Tuesday, February 26, 2013



Iran covers up the First Bosom: News agency digitally alters Michelle Obama's Oscars gown to make it look more modest


I visited a book store in downtown Abu Dhabi during my brief stay in the United Arab Emirates, and saw magazines with black ink covering most parts of a woman’s anatomy, except for the head and fingers. 

Yes, even arms vanished beneath the black ink.

When I lived in Kabul, Afghanistan, I became accustomed to seeing only eyes peer out of a woman's chadri (The full Afghan chadri covers the wearer's entire face except for a small region about the eyes, which is covered by a concealing net or grille.)

We Peace Corps volunteers were trained to not look directly at Afghan women, and definitely not speak to any of the women.

The women in the city were well-covered, and always walked with a brisk pace.

I knew this head covering as a chadri, but I also heard the word Burqa being used (an Arabized Persian word of purda (parda) meaning curtain and veil) which have the same meaning in Persian.

[See Burqa-chadari below]


In my English classes at Kabul University, female students usually wore scarves as head coverings, and I could clearly see their eyes and faces.

I guess there is no Biblical prohibition for covering the female anatomy in Christian nations, otherwise how would Playboy, Penthouse, Hustler and, then later, many other sundry skin magazines ever have been sold?

Are we a Christian nation?

Some say that God created us the way we are, and the way we look, and we shouldn’t be ashamed of God’s Handiwork.

Is God ashamed of His Body?

Also, wearing clothes wasn’t a commandment on any of the tablets of Moses.


“Judge in yourselves: is it comely that a woman pray unto God uncovered?”

1 Corinthians 11


This doesn’t say which part of the female body should be covered during prayer.

Maybe to be on God’s good side, it was a wise thing for women to put a blanket over the whole body when praying, then when not praying, a bikini, nightgown, or nothing was o.k.

Actually, the following verse does say which part:

 “…but any woman who prays or prophesies with her head uncovered disgraces her head--it is one and the same thing as having her head shaved.”

5 Corinthians 11


I guess it is “different strokes for different folks.”

Iranians are different from Westerners.

I just don’t like to see all of that black ink going to waste---or in this technological age, photo shopping images to make them fit a cultural and religious dogma.

“Burqa-chadari, is a full body and head covering for outside the home for many women in Afghanistan. The Burqa is constructed of about ten yards fabric with an embroidered mesh face piece which conceals the entire women's dress ensemble of pants, overdress, and head scarf.”

“The burqa is not only worn in Afghanistan but it's more common in other countries including India and Pakistan. The original chadari has Persian origins but over the time period it became associated with the urban dress of middle and upper class Afghan women.

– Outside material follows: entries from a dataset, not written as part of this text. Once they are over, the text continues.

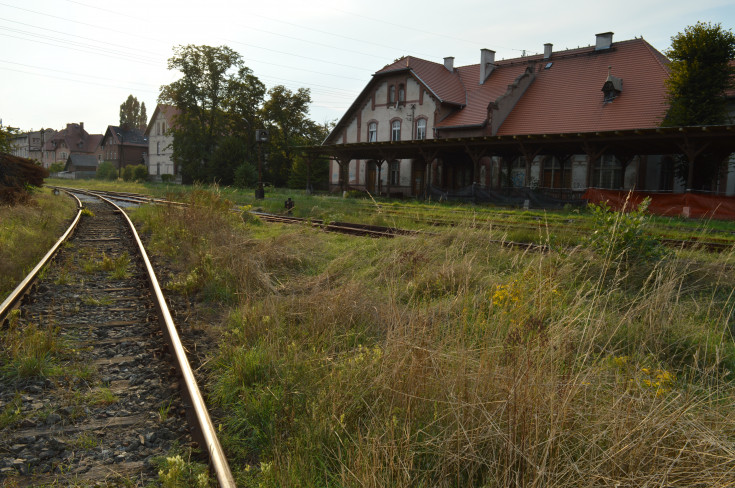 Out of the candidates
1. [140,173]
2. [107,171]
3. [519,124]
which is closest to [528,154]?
[519,124]

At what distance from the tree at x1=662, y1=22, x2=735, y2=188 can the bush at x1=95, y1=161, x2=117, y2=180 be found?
6495cm

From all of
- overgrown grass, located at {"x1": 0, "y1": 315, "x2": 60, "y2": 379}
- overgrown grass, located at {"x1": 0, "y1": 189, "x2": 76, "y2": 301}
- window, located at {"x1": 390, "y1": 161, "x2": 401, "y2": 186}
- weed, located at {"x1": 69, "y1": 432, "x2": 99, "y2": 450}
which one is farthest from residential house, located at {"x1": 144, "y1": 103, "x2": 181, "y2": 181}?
weed, located at {"x1": 69, "y1": 432, "x2": 99, "y2": 450}

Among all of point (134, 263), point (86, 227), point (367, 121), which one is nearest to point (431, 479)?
point (134, 263)

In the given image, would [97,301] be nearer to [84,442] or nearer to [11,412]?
[11,412]

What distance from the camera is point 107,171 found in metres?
69.9

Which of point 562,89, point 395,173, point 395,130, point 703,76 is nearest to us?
point 703,76

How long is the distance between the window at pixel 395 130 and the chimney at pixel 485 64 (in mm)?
7091

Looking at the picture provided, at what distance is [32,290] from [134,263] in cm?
226

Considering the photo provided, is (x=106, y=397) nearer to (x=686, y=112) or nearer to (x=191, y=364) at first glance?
(x=191, y=364)

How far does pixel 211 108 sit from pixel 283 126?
783 centimetres

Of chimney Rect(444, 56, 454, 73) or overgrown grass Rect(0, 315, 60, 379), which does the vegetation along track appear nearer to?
overgrown grass Rect(0, 315, 60, 379)

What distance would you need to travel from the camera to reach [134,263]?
864 cm

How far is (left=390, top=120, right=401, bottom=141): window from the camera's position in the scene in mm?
40031

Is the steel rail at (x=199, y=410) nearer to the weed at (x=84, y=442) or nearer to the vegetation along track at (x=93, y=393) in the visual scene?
the vegetation along track at (x=93, y=393) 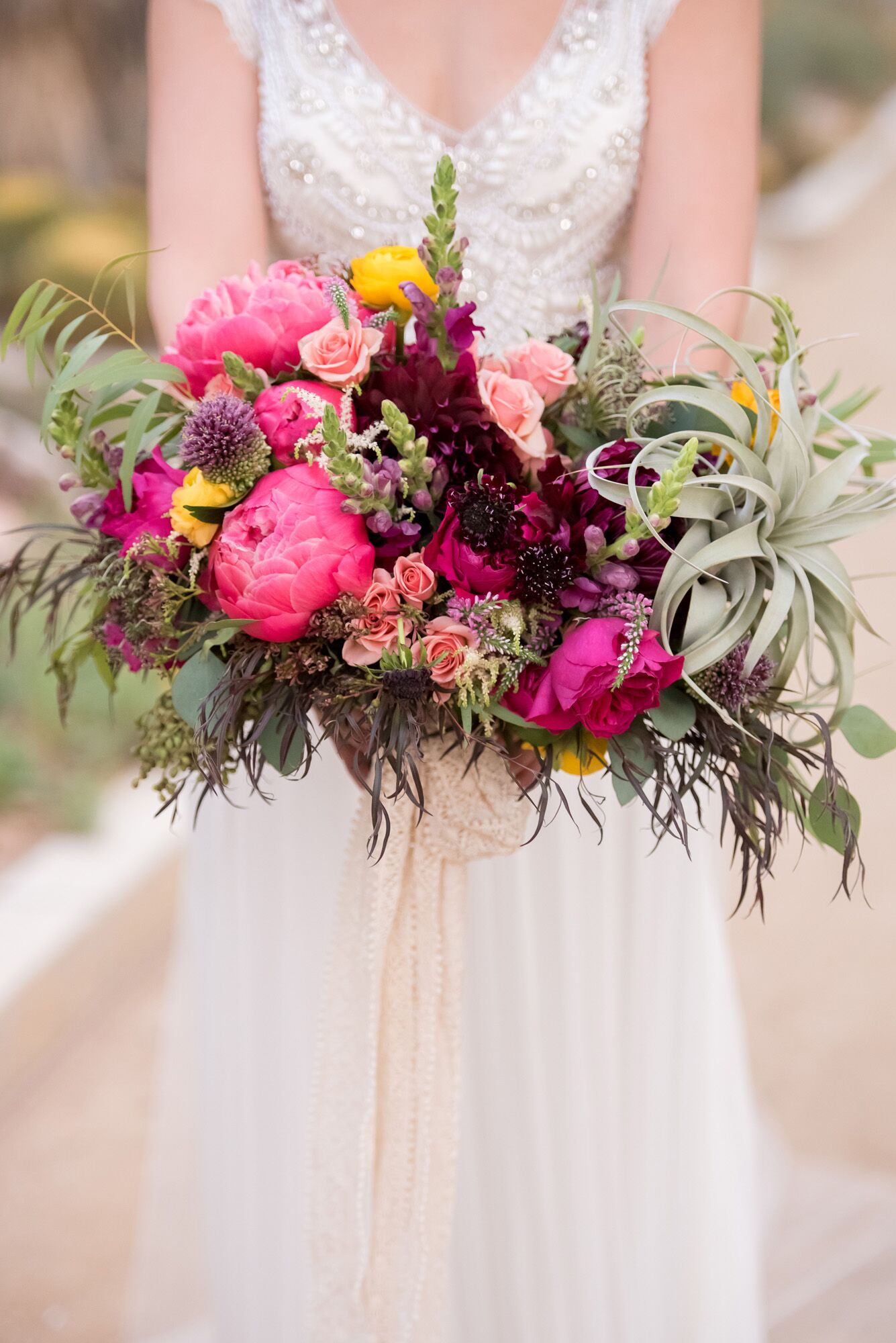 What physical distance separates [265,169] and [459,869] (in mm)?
842

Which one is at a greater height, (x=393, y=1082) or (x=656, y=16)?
(x=656, y=16)

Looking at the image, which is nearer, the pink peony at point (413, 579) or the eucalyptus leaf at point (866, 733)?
the pink peony at point (413, 579)

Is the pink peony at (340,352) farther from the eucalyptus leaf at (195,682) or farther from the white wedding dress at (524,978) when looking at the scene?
the white wedding dress at (524,978)

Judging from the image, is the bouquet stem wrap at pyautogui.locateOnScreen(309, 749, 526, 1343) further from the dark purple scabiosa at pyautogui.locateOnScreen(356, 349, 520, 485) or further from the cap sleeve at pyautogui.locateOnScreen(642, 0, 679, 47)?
the cap sleeve at pyautogui.locateOnScreen(642, 0, 679, 47)

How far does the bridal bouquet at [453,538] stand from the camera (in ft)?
2.55

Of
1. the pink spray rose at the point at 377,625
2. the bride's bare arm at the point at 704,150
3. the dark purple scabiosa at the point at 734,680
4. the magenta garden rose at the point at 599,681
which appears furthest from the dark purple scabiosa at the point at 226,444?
the bride's bare arm at the point at 704,150

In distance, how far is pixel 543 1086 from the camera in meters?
1.36

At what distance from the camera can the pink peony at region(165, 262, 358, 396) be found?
2.78ft

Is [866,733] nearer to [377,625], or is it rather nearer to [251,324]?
[377,625]

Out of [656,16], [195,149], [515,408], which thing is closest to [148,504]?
[515,408]

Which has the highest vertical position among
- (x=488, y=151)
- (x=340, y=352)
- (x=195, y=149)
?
(x=488, y=151)

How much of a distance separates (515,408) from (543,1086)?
2.93 feet

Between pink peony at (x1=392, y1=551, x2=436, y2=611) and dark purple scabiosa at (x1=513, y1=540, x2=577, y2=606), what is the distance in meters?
0.06

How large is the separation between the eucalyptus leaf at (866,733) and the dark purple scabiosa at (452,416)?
369 millimetres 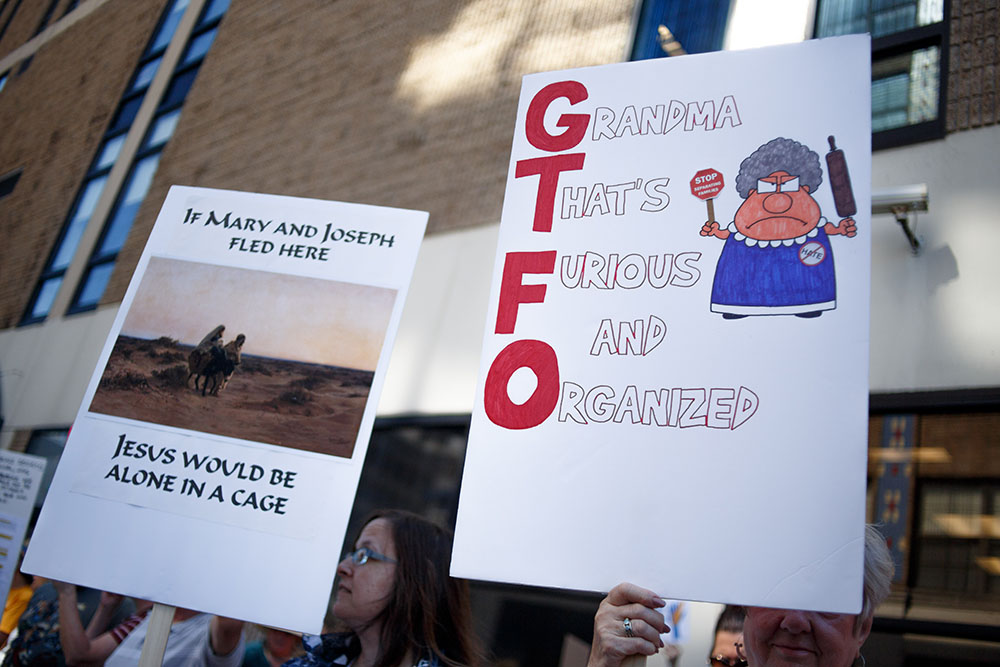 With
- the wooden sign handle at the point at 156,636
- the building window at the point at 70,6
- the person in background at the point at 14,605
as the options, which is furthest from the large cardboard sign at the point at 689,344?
the building window at the point at 70,6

The chadaree has been incorrectly attributed as Afghan women's traditional dress but it only became mandated women's wear after dress sanctions were imposed by the Taliban in 1996”.


“During the Taliban women had to wear this piece of heavy cloth on top of their normal clothing to cover them from the head to lower calf or to ankle. In the first days when the Taliban captured Kabul and announced that all women have to wear 'Chadaree' outside of home, many women were shocked, especially in the capital Kabul. They wondered how they were going to wear 3 pounds of extra weight of clothes on top of their formal and informal clothing. It was really difficult for the women who had never worn it before.”

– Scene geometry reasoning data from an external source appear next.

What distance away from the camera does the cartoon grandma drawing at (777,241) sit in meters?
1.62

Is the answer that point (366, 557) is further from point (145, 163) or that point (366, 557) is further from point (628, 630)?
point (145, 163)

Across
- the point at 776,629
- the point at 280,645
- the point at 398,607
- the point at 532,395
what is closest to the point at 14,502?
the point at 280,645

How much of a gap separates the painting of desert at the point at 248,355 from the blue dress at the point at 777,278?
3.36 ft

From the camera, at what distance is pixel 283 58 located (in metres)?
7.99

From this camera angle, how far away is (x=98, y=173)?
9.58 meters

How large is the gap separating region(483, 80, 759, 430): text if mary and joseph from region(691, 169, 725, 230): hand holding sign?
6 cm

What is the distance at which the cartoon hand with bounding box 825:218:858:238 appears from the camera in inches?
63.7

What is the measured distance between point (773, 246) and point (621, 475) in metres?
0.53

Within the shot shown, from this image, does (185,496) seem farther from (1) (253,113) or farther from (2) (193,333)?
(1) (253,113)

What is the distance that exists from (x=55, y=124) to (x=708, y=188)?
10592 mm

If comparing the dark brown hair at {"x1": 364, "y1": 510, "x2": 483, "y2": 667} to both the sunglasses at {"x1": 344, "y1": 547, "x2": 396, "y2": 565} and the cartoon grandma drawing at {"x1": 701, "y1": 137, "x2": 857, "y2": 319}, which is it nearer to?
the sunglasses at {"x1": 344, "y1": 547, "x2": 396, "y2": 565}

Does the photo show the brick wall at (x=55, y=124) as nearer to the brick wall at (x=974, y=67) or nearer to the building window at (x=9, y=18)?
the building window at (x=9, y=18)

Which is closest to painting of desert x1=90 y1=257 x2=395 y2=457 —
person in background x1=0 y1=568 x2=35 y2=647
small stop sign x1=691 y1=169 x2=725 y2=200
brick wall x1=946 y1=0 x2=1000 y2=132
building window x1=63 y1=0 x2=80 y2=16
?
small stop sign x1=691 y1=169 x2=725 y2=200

"And say to the faithful women to lower their gazes, and to guard their private parts, and not to display their beauty except what is apparent of it, and to extend their headcoverings (khimars) to cover their bosoms (jaybs), and not to display their beauty except to their husbands, or their fathers, or their husband's fathers, or their sons, or their husband's sons, or their brothers, or their brothers' sons, or their sisters' sons, or their womenfolk, or what their right hands rule (slaves), or the followers from the men who do not feel sexual desire, or the small children to whom the nakedness of women is not apparent, and not to strike their feet (on the ground) so as to make known what they hide of their adornments. And turn in repentance to Allah together, O you the faithful, in order that you are successful"

Qur'an Sura Nur Chapter: The Light. Verse 31


From Wikipedia, the free encyclopedia:

The Great Satan (Persian شيطان بزرگ Shaytân-e Bozorg) is a derogatory epithet for the United States of America in some Iranian foreign policy statements. Occasionally, these words have also been used toward the government of the United Kingdom.

The term was originally used by Iranian leader Ruhollah Khomeini in his speech on November 5, 1979 to describe the United States whom he accused of imperialism and the sponsoring of corruption throughout the world.

Ayatollah Khomeini also occasionally used the terms Iblis (Diabolis - the primary devil in Islam) to refer to the United States and other Western countries.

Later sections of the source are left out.